**TRY IT**
Your answer must be the exact lines below, starting with the line with "Schwarze Frau, Zahnbürste" and going on through the line with "Una habitación de", both included, with no pictures.

------ SOURCE DATA

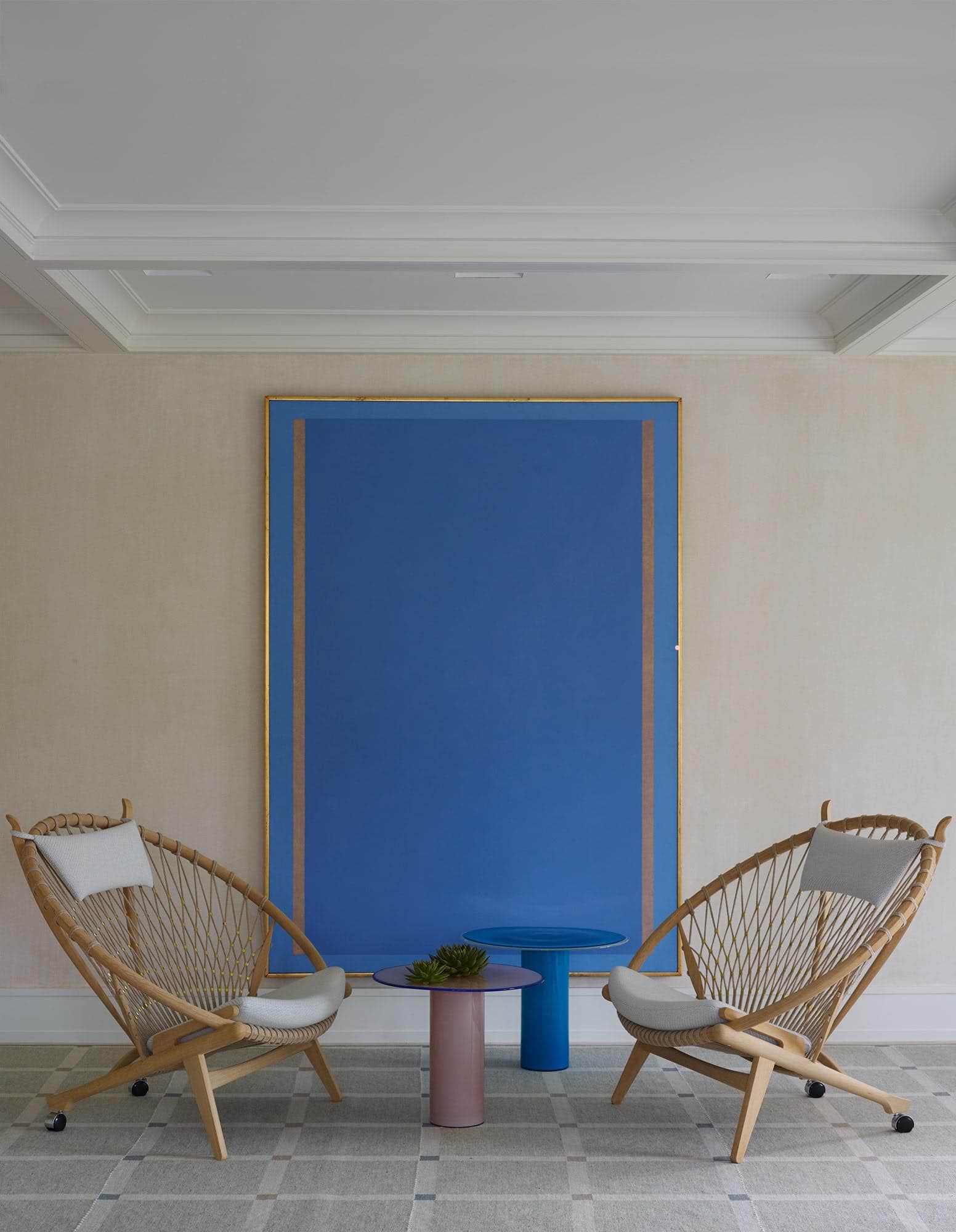 Designed by Carol Egan, this image shows a pair of Hans Wegner circle chairs flanking "Untitled", oil on Canvas painting by Artist Jorge Fick.  A hand-woven shaker grid area rug by Elizabeth Eakins is also visible.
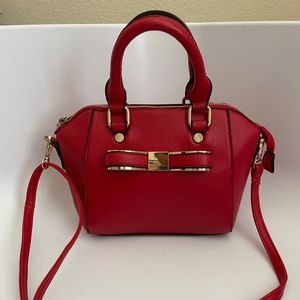 Small red faux leather purse with bow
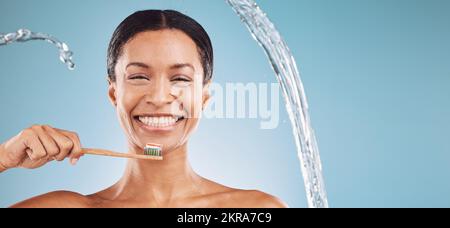 Schwarze Frau, Zahnbürste und Zähneputzen mit Wasserspritzer und Zahnpasta auf blauem Studiohintergrund für Zahngesundheit und Wellness. Hochformat und Stockfoto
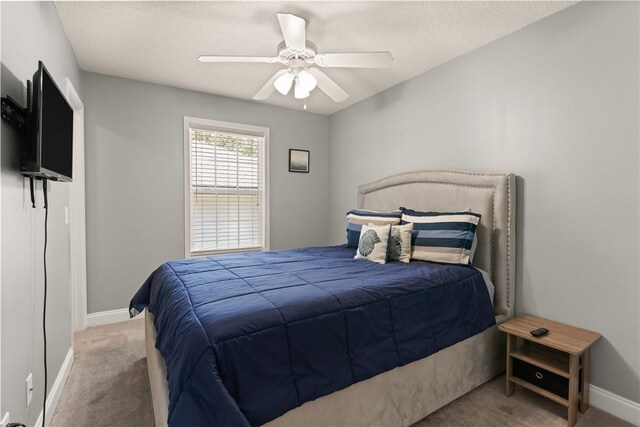 carpeted bedroom with a textured ceiling and ceiling fan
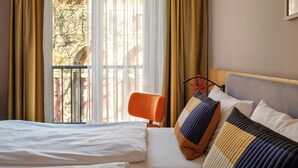 Una habitación de hotel con una cama grande, una silla y una ventana con cortinas.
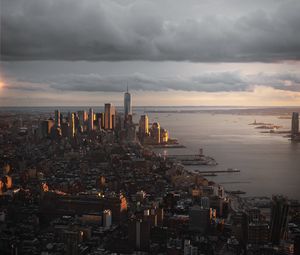 Preview wallpaper city, aerial view, buildings, coast, sunset, dusk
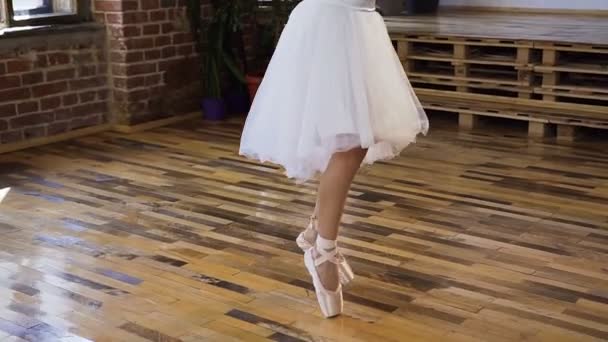 Young ballet dancer in white ballet shoes and skirt practices ballet dance on the wood floor. Young ballerina in white pointe shoes dances on tiptoe at ballet school — Stock Video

------------

**EXPECTED ANSWER**
 Schwarze Frau, Zahnbürste und Zähneputzen mit Wasserspritzer und Zahnpasta auf blauem Studiohintergrund für Zahngesundheit und Wellness. Hochformat und Stockfoto
 carpeted bedroom with a textured ceiling and ceiling fan
 Una habitación de hotel con una cama grande, una silla y una ventana con cortinas.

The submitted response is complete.